= Commercial Tenant Protection Act =

2024 California law protecting small commercial tenants

The Commercial Tenant Protection Act (SB 1103) is a California law,
enacted in 2024 and effective January 1, 2025, that extends a set of consumer-style
protections to small commercial tenants. It was the first
state law in the United States to create a distinct category of protected
"qualified commercial tenants" and apply rent-notice, lease-translation, and
operating-cost transparency rules to commercial leases.

== Background ==
Commercial leases in California had historically been treated as arm's-length
agreements between sophisticated parties, with few of the statutory protections
afforded residential tenants. Advocates argued that the smallest businesses and
nonprofits — which often lease space without legal representation — faced
displacement from sharp rent increases and from opaque "common area maintenance"
(CAM) or building-operating-cost charges they could not verify.

== Legislative history ==
SB 1103 was introduced by state senator
Caroline Menjivar (D–San Fernando Valley). It passed the Legislature in
2024 and was signed by Governor Gavin Newsom on September 30, 2024, taking
effect January 1, 2025. The law added
Section 1950.9 to the California Civil Code and amended provisions governing
rent-increase notice and lease translation.

== Provisions ==
The Act applies to a "qualified commercial tenant," defined as a
microenterprise (generally five or fewer employees), a restaurant with fewer
than 10 employees, or a nonprofit organization with fewer than 20 employees,
that has provided the landlord with required self-certification.

Key requirements include:
- Building operating costs / CAM. A landlord may not pass building operating costs through to a qualified commercial tenant unless the costs are allocated proportionately and supported by documentation; on written request the landlord must provide itemized documentation and a signed attestation within 30 days, and may not change the allocation method to the tenant's detriment without notice.
- Rent-increase notice. For month-to-month or shorter tenancies, a landlord must give at least 90 days' written notice of a rent increase greater than 10 percent, and at least 30 days' notice for smaller increases.
- Lease translation. If a lease is negotiated primarily in Spanish, Chinese, Tagalog, Vietnamese, or Korean, the landlord must provide a translation in that language.
- Termination of unspecified-term tenancies. The law sets notice requirements for ending tenancies of unspecified duration.

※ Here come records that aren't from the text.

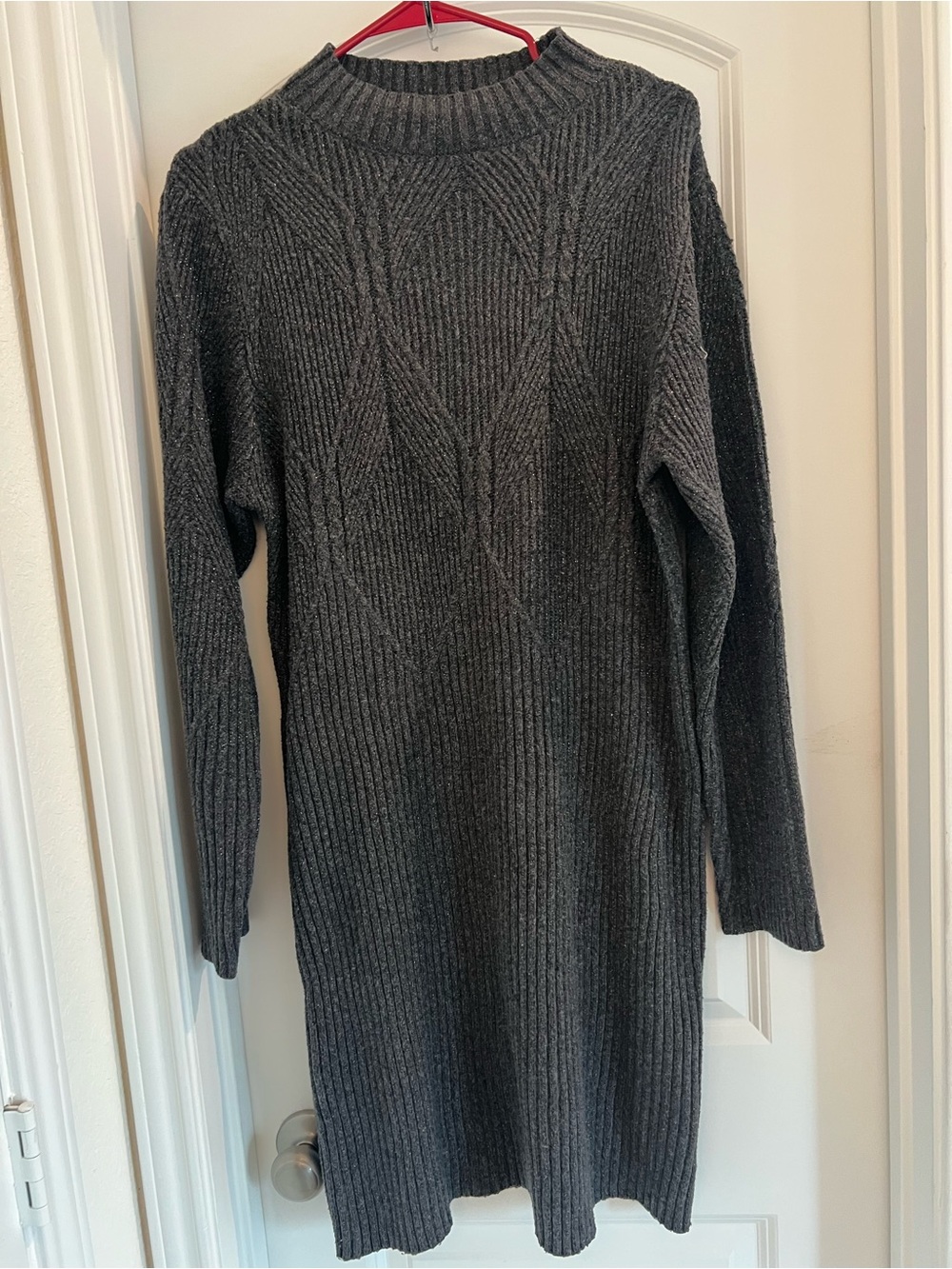 Liz Claiborne XL Charcoal Gray Ribbed Knit Sweater Dress Tunic Mock Neck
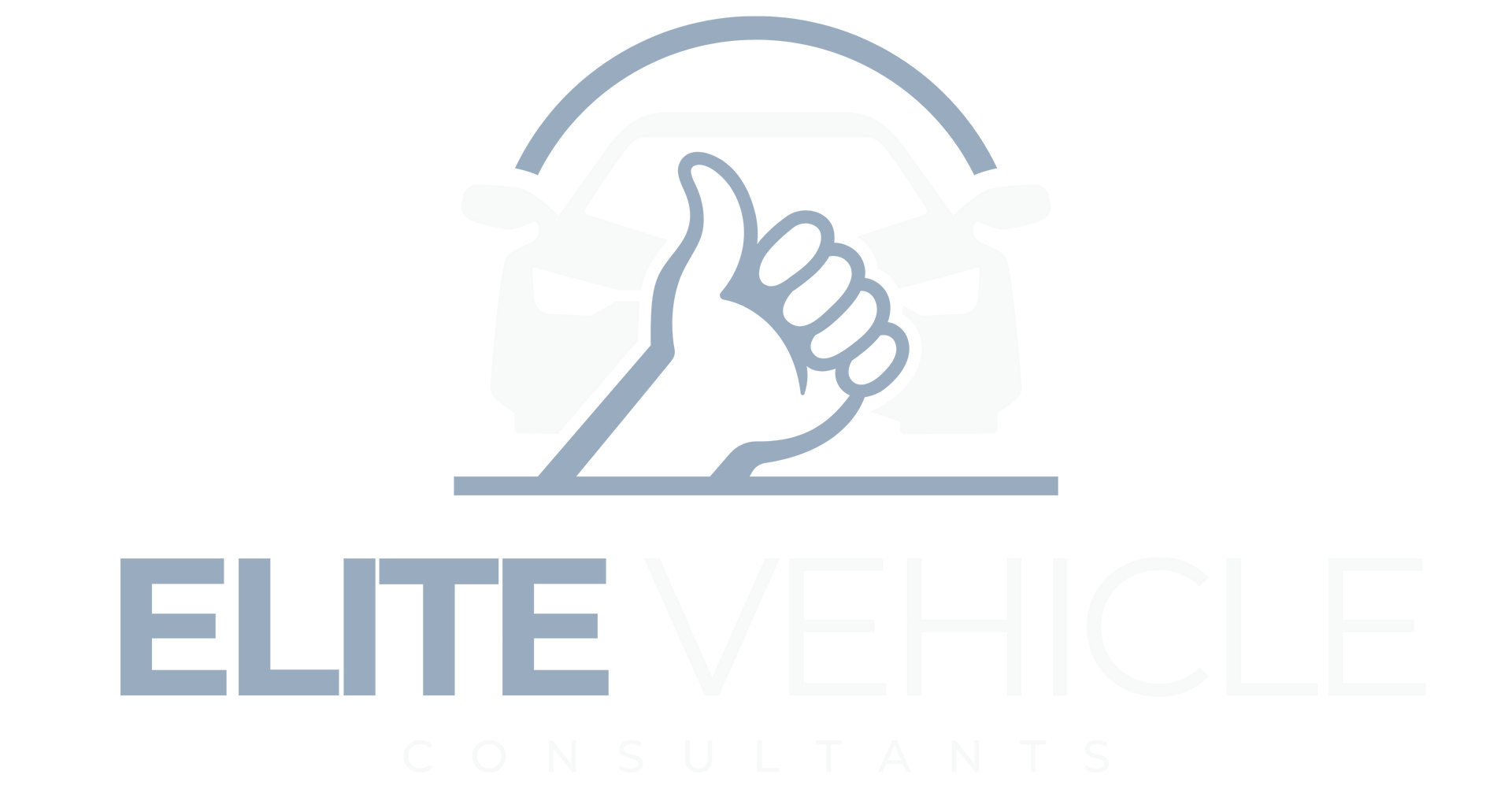 A logo featuring a thumbs-up icon over a faint car outline, with the text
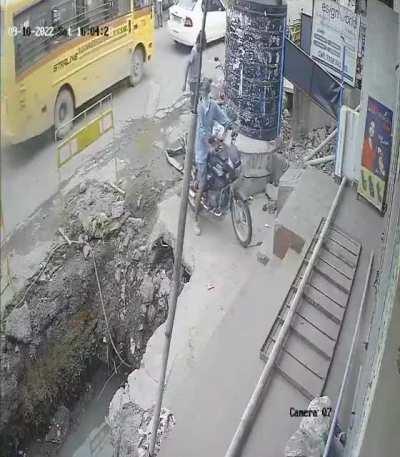 Parking Motorcycle On Dangerous Place 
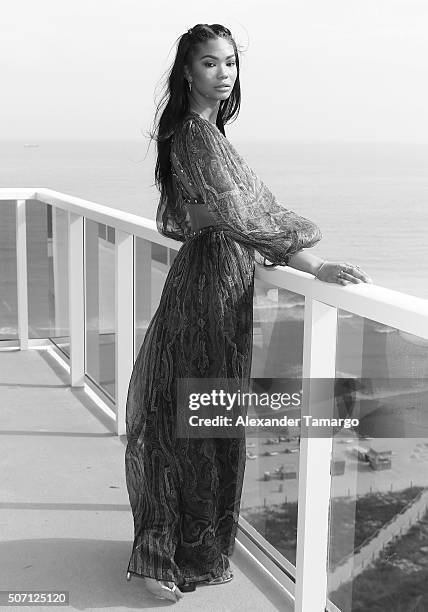 Chanel Iman is seen during the press conference to announce the 2016 SI Swimsuit launch week festivities at 1 Hotel & Homes South Beach on January...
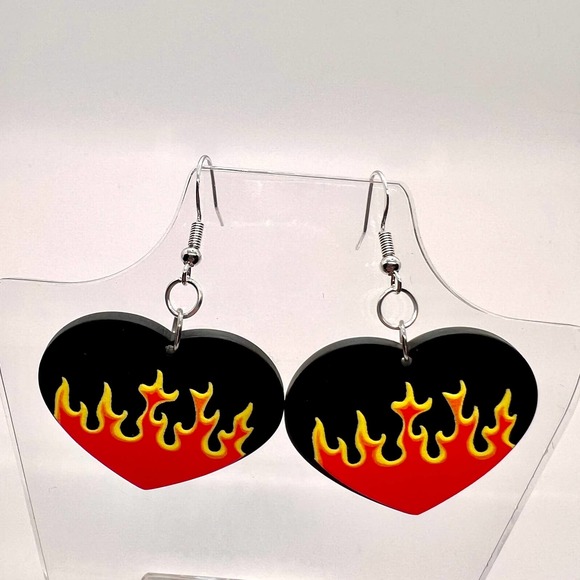 Wednesday Addams Earrings - Flaming Heart Earrings - Goth Earrings - Picture 1 of 11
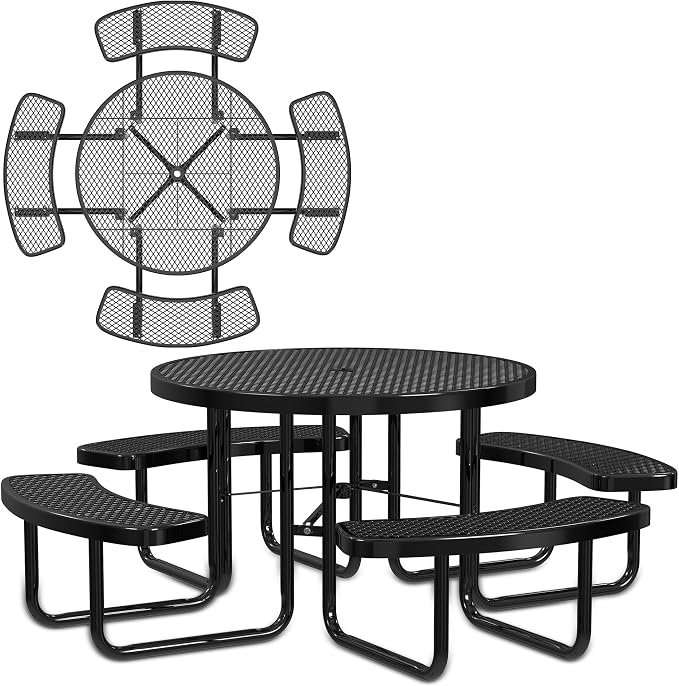 Leisure Craft Metal Picnic Table with Bench - 46" Round Outdoor Dining Table for 8 with Umbrella Hole, Weatherproof Heavy Duty Thermoplastic Coating, Commercial Grade Furniture Made in USA - Black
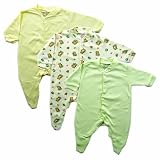 Luvable Friends 3-Pack Sleep N Play Layette Collection, 0-3 Months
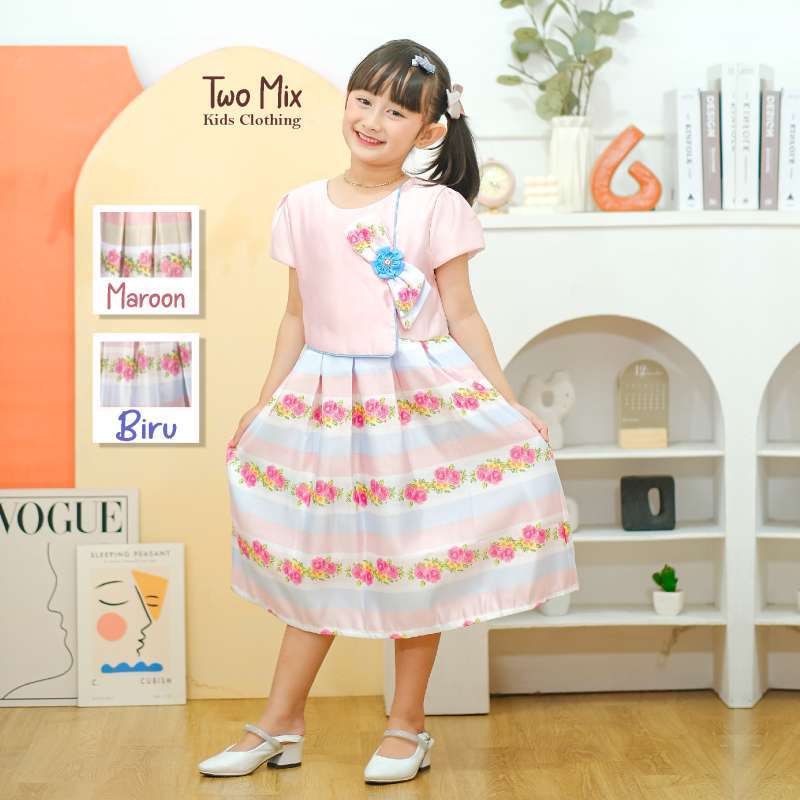 Two Mix Baju Anak Perempuan Fashion - Dress Anak Wanita Bahan Kain Satin Usia 1-12 Tahun 4276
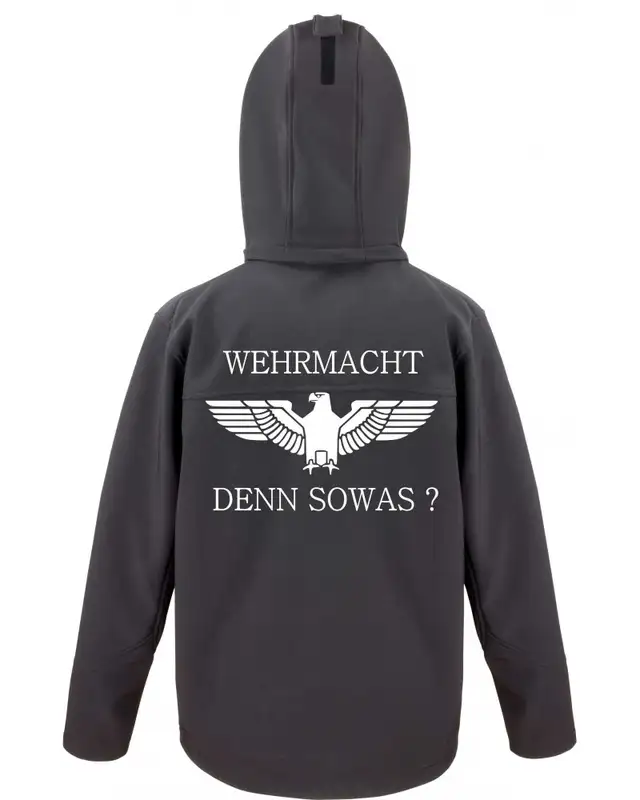 Bestickte Herren Softshell Kapuzenjacke (Wehrmacht denn sowas) Bild 2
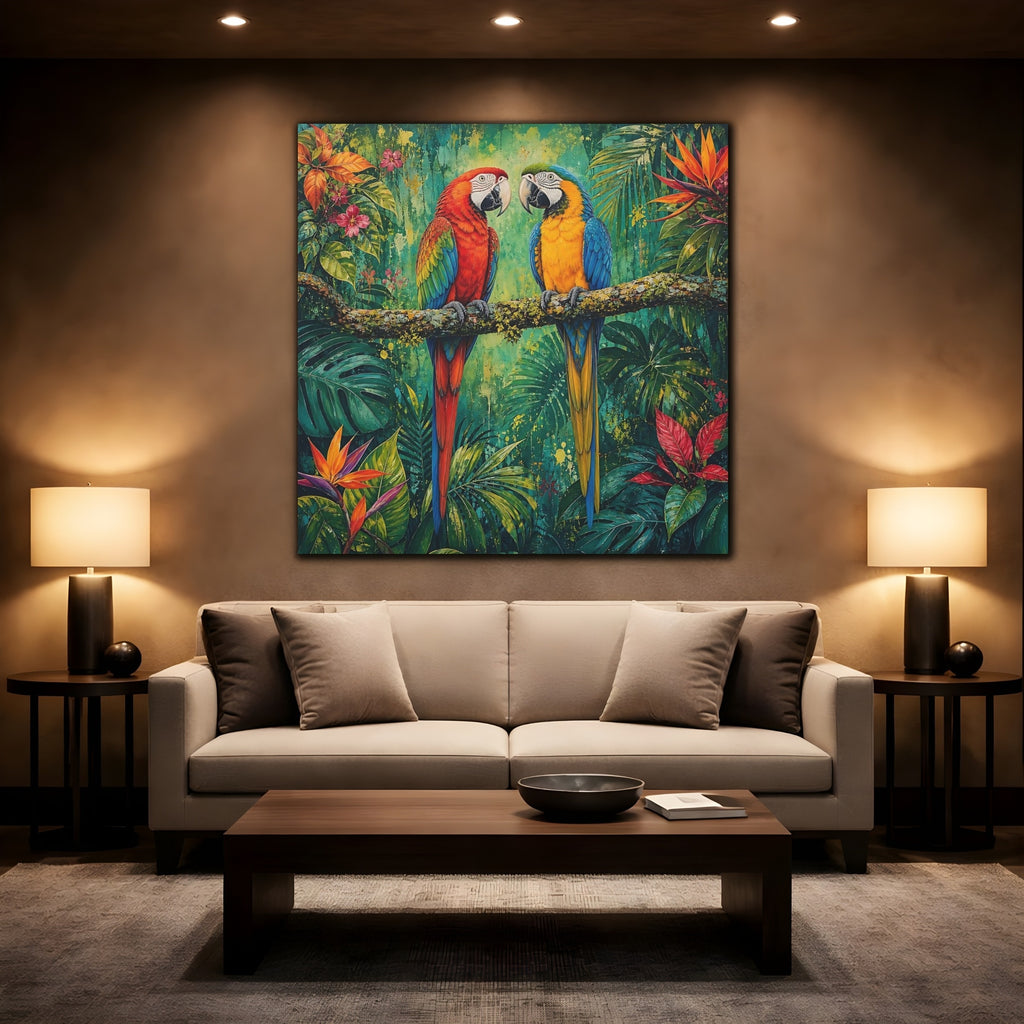 Mockup 2. Animals Two Macaws Tropical Macaw shown as stretched canvas wall art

== Enforcement and remedies ==
A qualified commercial tenant may raise a landlord's violation as an affirmative
defense to an unlawful detainer action based on nonpayment of operating costs.
A landlord who violates the operating-cost provisions may be liable for actual
damages and, in the court's discretion, attorney's fees; where the landlord acted
willfully or with "oppression, fraud, or malice," the tenant may recover treble
and punitive damages.

== Reception ==
Supporters, including the bill's author and small-business advocacy groups such as
Inclusive Action for the City, Public Counsel, and Bet Tzedek, described the
law as a transparency and anti-displacement measure for the state's smallest
businesses. Landlord and
industry groups opposed it: the California Business Properties Association called
the mandates "disastrous" for small businesses, and the Apartment Association of
Greater Los Angeles characterized it as "another nanny state piece of
legislation." Legal commentators noted
that the Act shifts costs and compliance burdens to landlords and contains
ambiguities likely to be resolved through later legislation or litigation.